Sunday, December 14, 2008

The Heart

(From the mind of he)

But the LORD said to Samuel, "Do not look at his appearance or at the height of his stature, because I have rejected him; for God sees not as man sees, for man looks at the outward appearance, but the LORD looks at the heart." (1 Sam. 16:7)

God has been speaking to me of late about my heart. The Bible talks about having a heart of flesh or a heart of stone. When I think about the state of my heart I believe I see both types at times. I know He desires that heart of flesh at all times. The heart that is always loving, always serving, always putting others before myself.

I have a friend who said one time, "People are very good and showing others what they want them to see. Very rarely do people get to see what is truly in their hearts." I've learned over time that people are capable of such ugliness. That includes me in big way. I've learned it's easy to look at terrorists or others with a reputation for hate and judge them as evil, while at the same time look at myself and say my heart is good. Jesus said that there is no one good except for God. The point being that all hearts were created with the same capacity for love or hate, or both. I believe the only way to love in a truly helpful way is to follow the example set by Christ. He is the only one who avoided hate and evil and used His heart the way His Father intended. This is the heart I seek. So my continual prayer is for a heart of flesh.

Another thing I've learned lately is that your spiritual or personal resume can grow and at the same time your heart can grow harder and harder. The Bible says, "Knowledge puffs up, but love builds up". Every action contributes to a heart of flesh or a heart of stone. Whether it is making a negative comment while driving or walking by someone and not acknowledging them. It doesn't matter how big or small the act, they all matter. I strive to show my heart to all. The good and the bad. God always sees the heart. I desire for others to see it so accountability for who I am and how I act is made easier for the people in my life. It's interesting, this has been a year where people have said very flattering things about me spiritually, (not trying to boast, I have a point) while at the same time this has been the most challenging year for me since I became a believer. Meaning, spiritual growth has been difficult this year. I've had many struggles. Many temptations.

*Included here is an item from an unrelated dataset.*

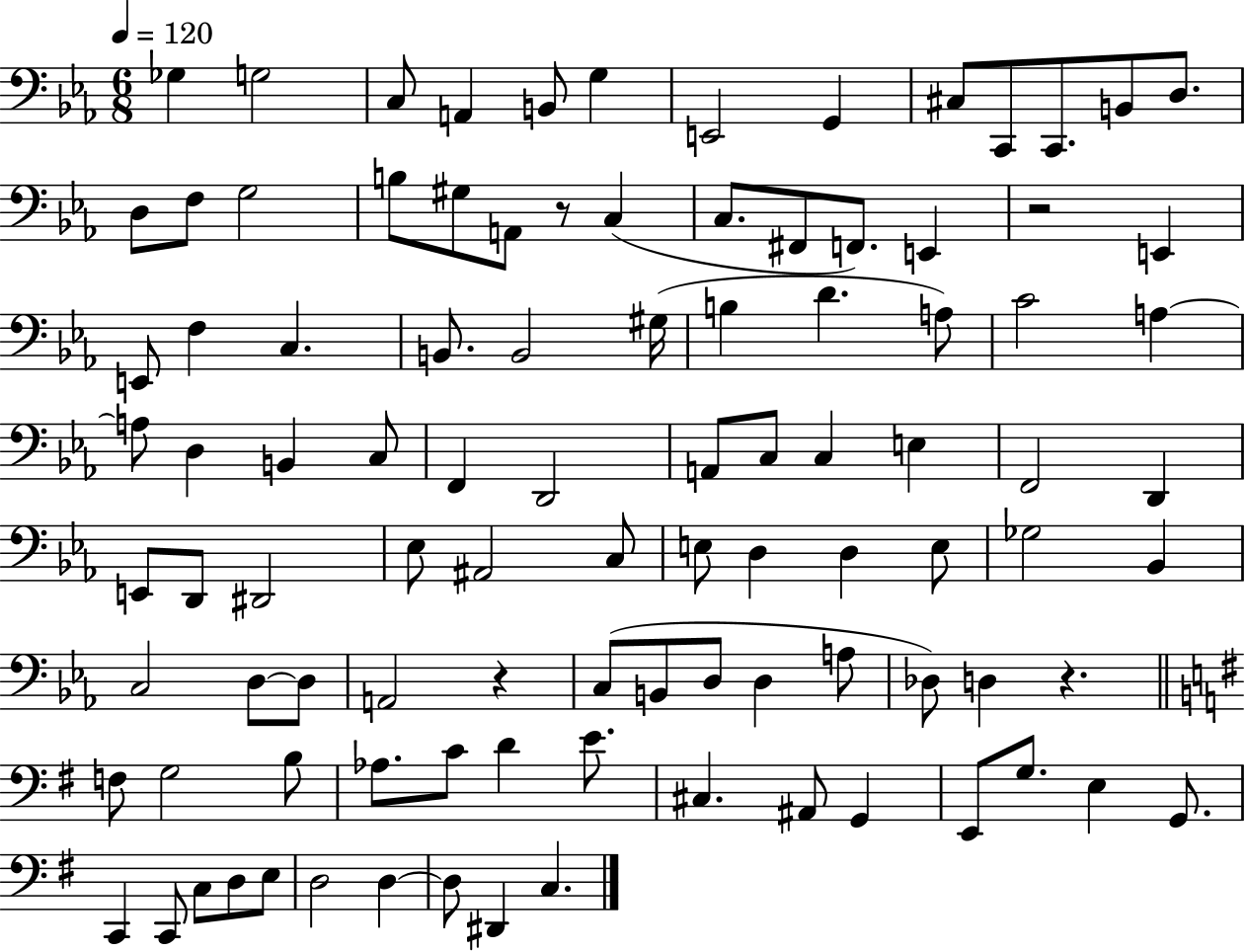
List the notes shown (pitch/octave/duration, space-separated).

Gb3/q G3/h C3/e A2/q B2/e G3/q E2/h G2/q C#3/e C2/e C2/e. B2/e D3/e. D3/e F3/e G3/h B3/e G#3/e A2/e R/e C3/q C3/e. F#2/e F2/e. E2/q R/h E2/q E2/e F3/q C3/q. B2/e. B2/h G#3/s B3/q D4/q. A3/e C4/h A3/q A3/e D3/q B2/q C3/e F2/q D2/h A2/e C3/e C3/q E3/q F2/h D2/q E2/e D2/e D#2/h Eb3/e A#2/h C3/e E3/e D3/q D3/q E3/e Gb3/h Bb2/q C3/h D3/e D3/e A2/h R/q C3/e B2/e D3/e D3/q A3/e Db3/e D3/q R/q. F3/e G3/h B3/e Ab3/e. C4/e D4/q E4/e. C#3/q. A#2/e G2/q E2/e G3/e. E3/q G2/e. C2/q C2/e C3/e D3/e E3/e D3/h D3/q D3/e D#2/q C3/q.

The amazing thing about Jesus is that His grace encompasses all. I know this doesn't give me a free pass to sin. It does however give me the ability to trust in Him and in His love while my heart continues to be fixed by Him. His love is tough in that He wants us to grow. He wants us to keep pushing and striving for perfection. No matter the current status of my heart, Jesus only sees Himself. That is so encouraging and allows me to never give up and to never turn from Him.